(DATA EXTRACT)

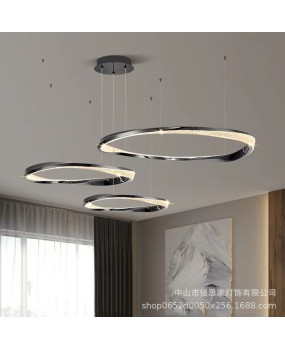 Beisijia Scandinavian luxury aluminum chandelier, dining room, bedroom, living room, model room, designer, Diaoyin.com red chandelier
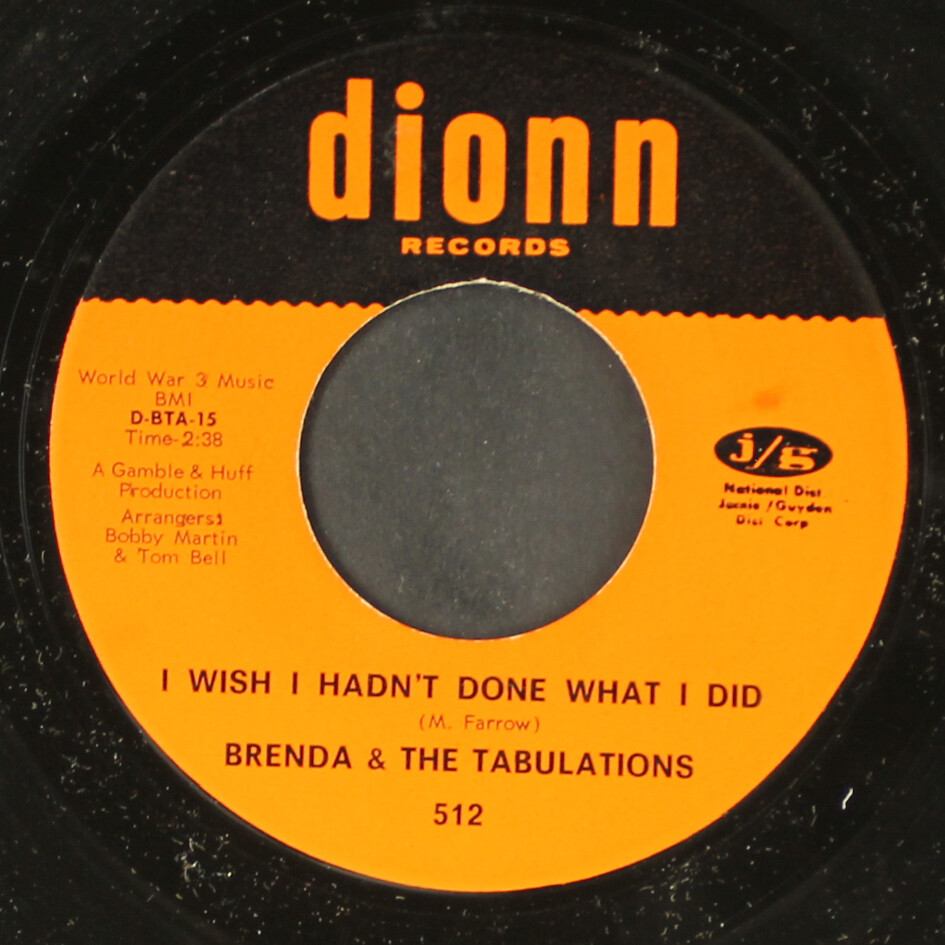 Brenda and the Tabulations レコード BRENDA & TABULATIONS: that's the price you have to pay / i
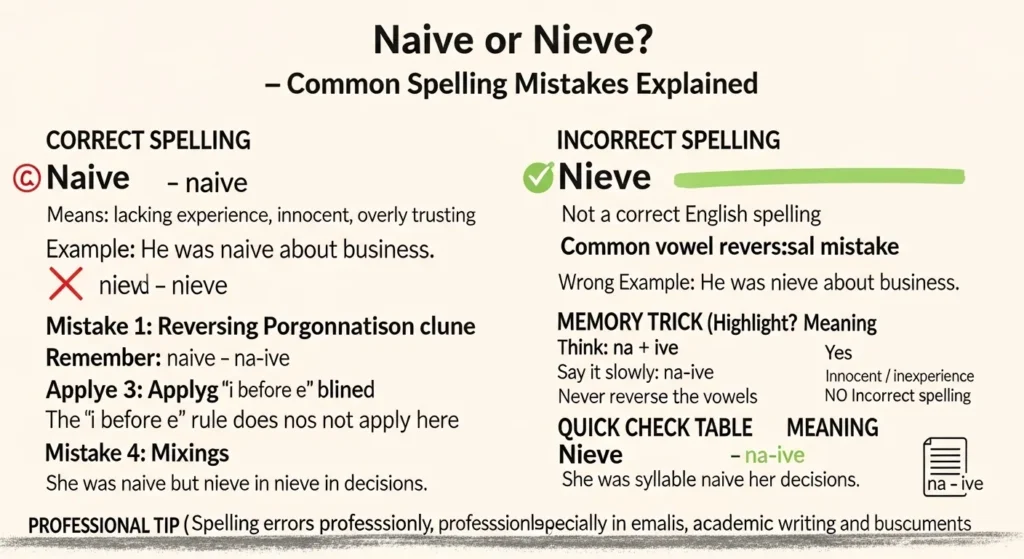 Common Mistakes with Naive or Nieve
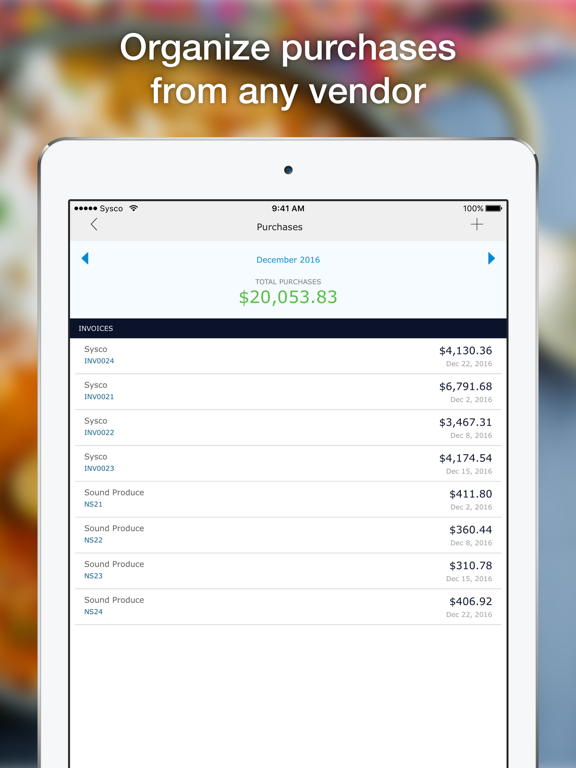 Sysco Mobile Inventory poster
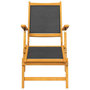 Voir la diapositive 4 : VIDAXL Chaises longues d'exterieur et table Acacia massif et textilene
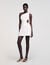 Robe courte asymétrique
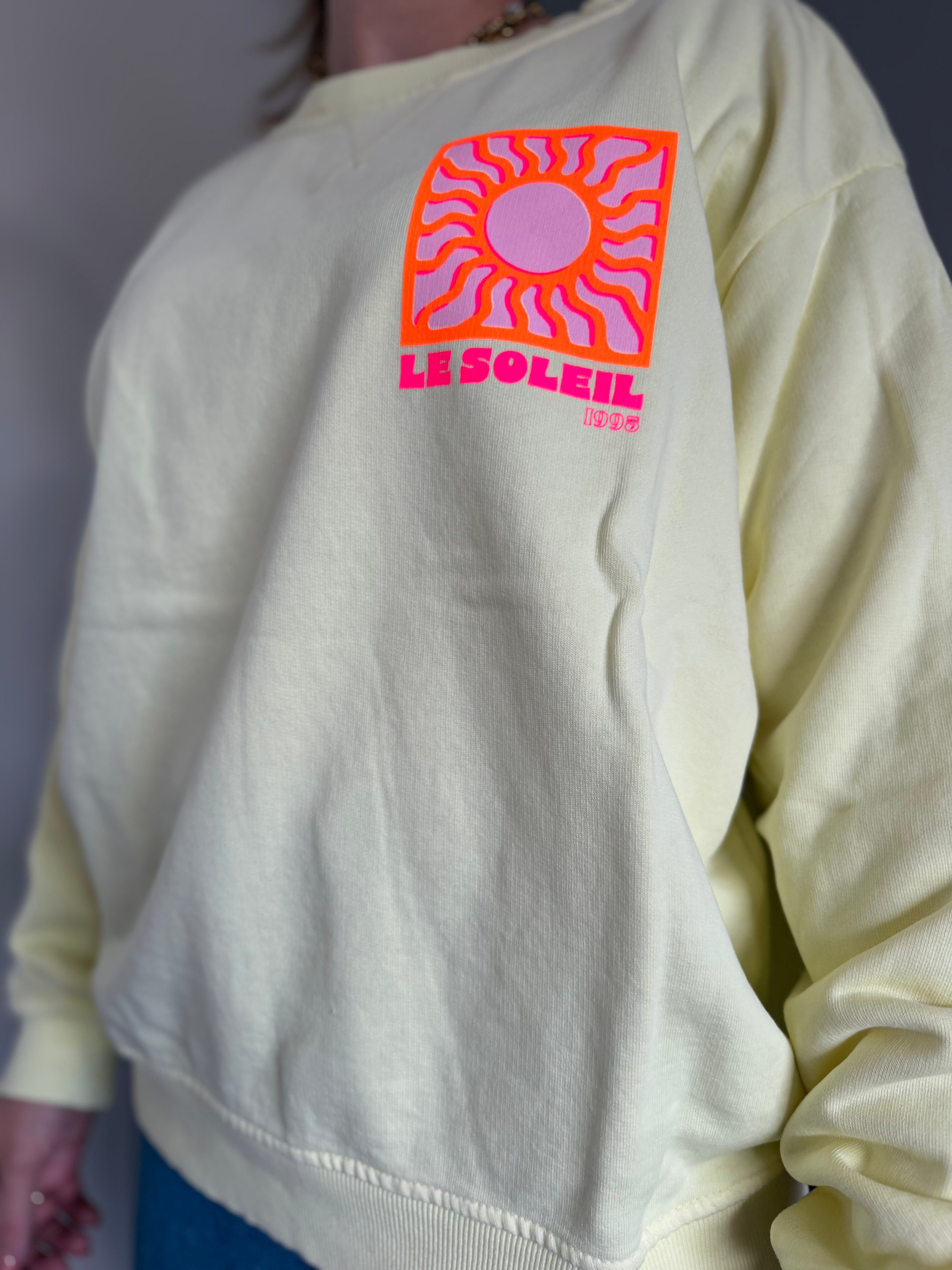 Sweat SOLEIL Jaune (NEW FLUO)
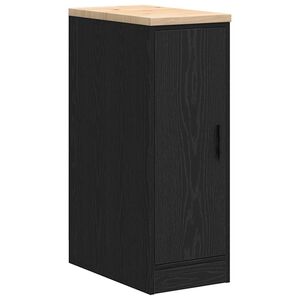 vidaXL Garagekast 30x51x85 cm massief grenenhout zwart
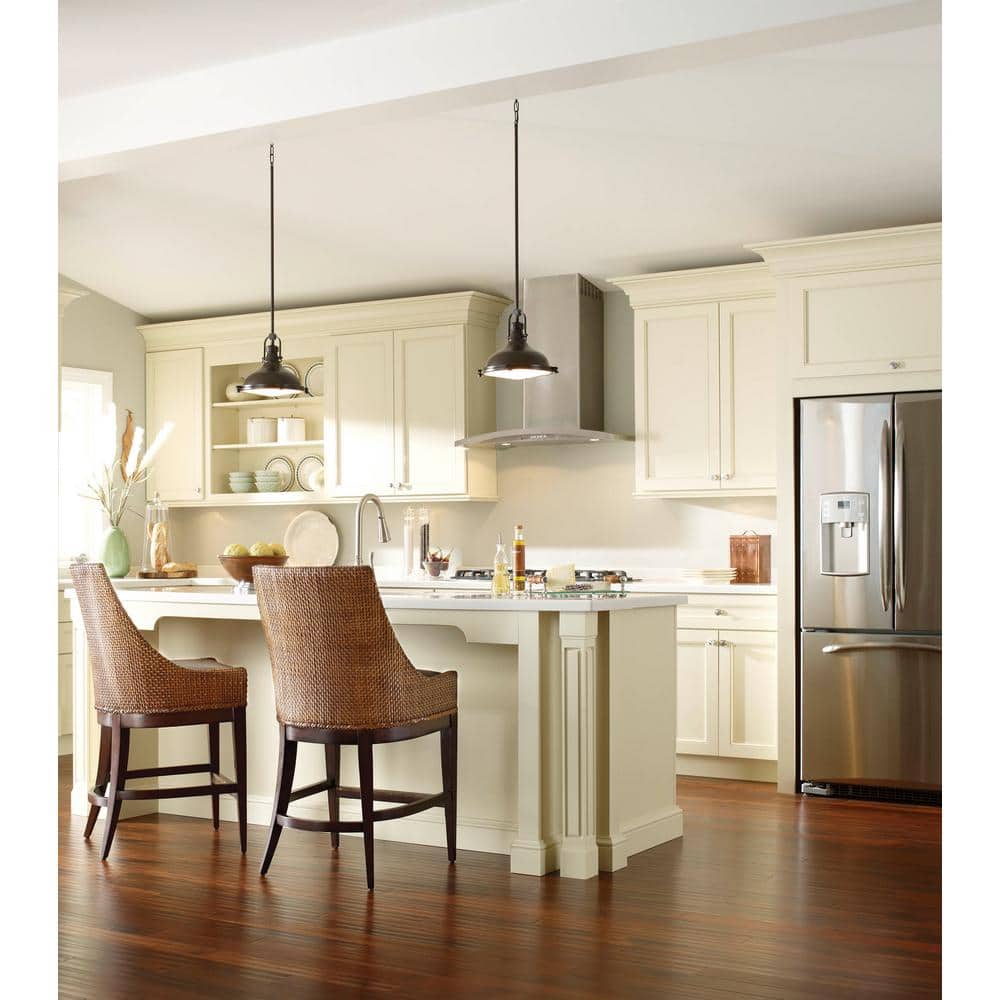 Mini Brushed Nickel LED Pendant Light with Glass Shade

(BRIEF) Find the line containing "Voir la diapositive" in the listing above. Please restate word for word that line through the last one, leaving out the pictures.

(SOLUTION)
 Voir la diapositive 4 : VIDAXL Chaises longues d'exterieur et table Acacia massif et textilene
 Robe courte asymétrique
 Sweat SOLEIL Jaune (NEW FLUO)
 vidaXL Garagekast 30x51x85 cm massief grenenhout zwart
 Mini Brushed Nickel LED Pendant Light with Glass Shade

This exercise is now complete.